• **Provided material**:
Segment Open

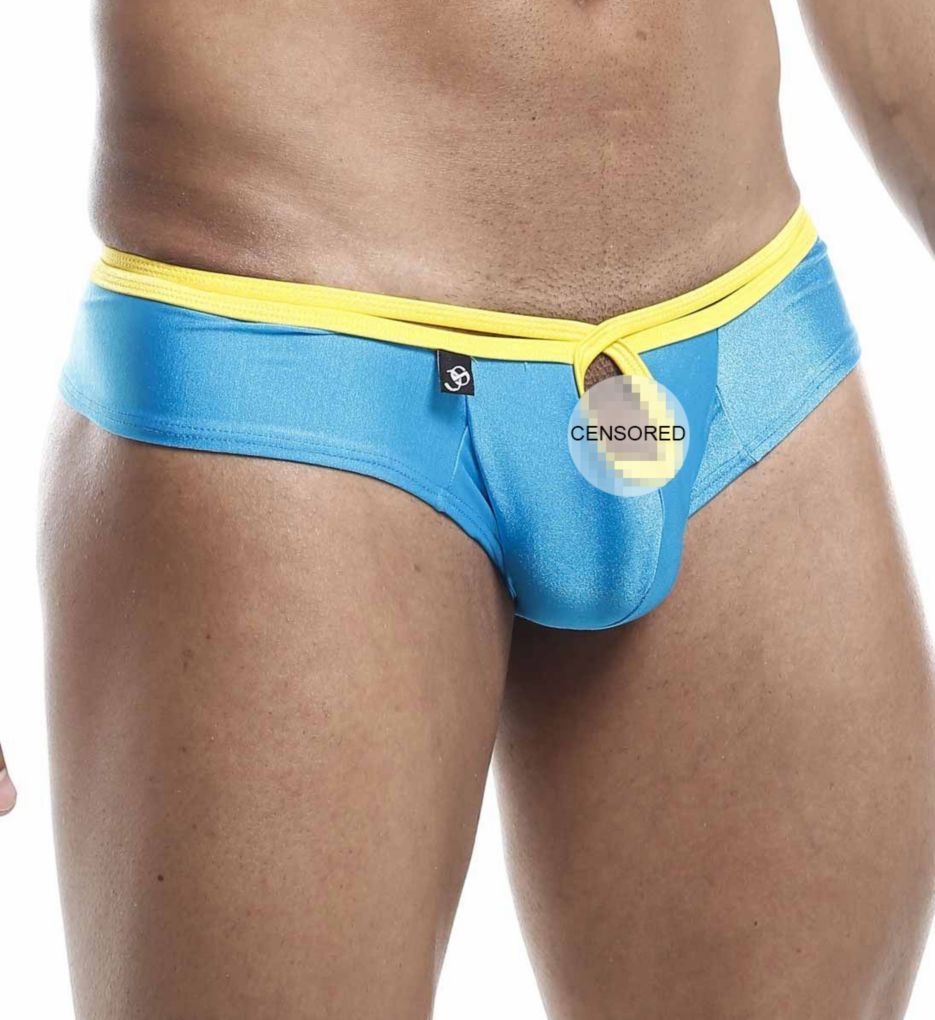 sexy keyhole mens underwear briefs high cut micro Joe Snyder Hole Mini  Cheek 03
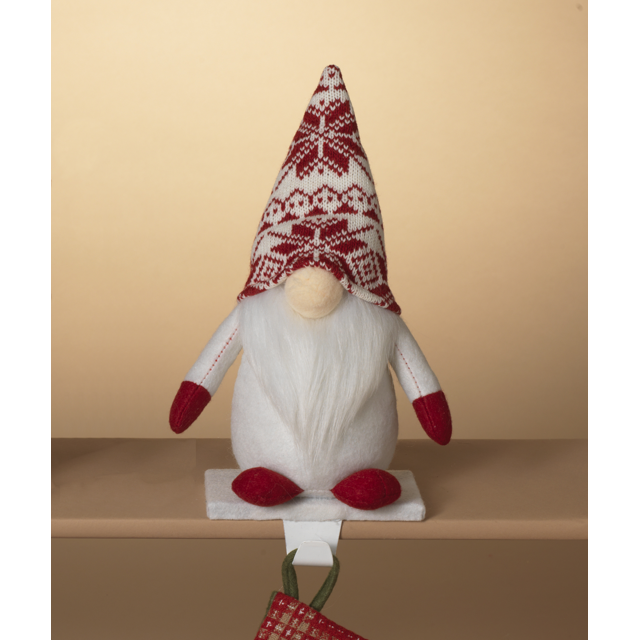 Gnome stocking holder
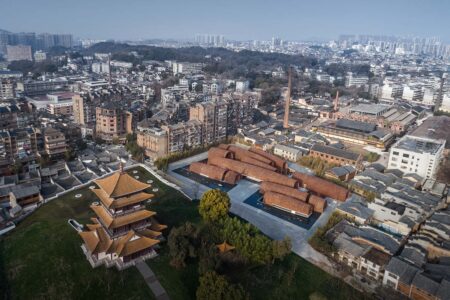 Studio Zhu Pei. Jingdezhen Imperial Kiln Museum. Cerámica china | 00 aerial viewschranimage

Segment Closed

• **Exercise goal**: An exact copy of the material above is required, free of any pictures.

• **Task response**:
 sexy keyhole mens underwear briefs high cut micro Joe Snyder Hole Mini  Cheek 03
 Gnome stocking holder
 Studio Zhu Pei. Jingdezhen Imperial Kiln Museum. Cerámica china | 00 aerial viewschranimage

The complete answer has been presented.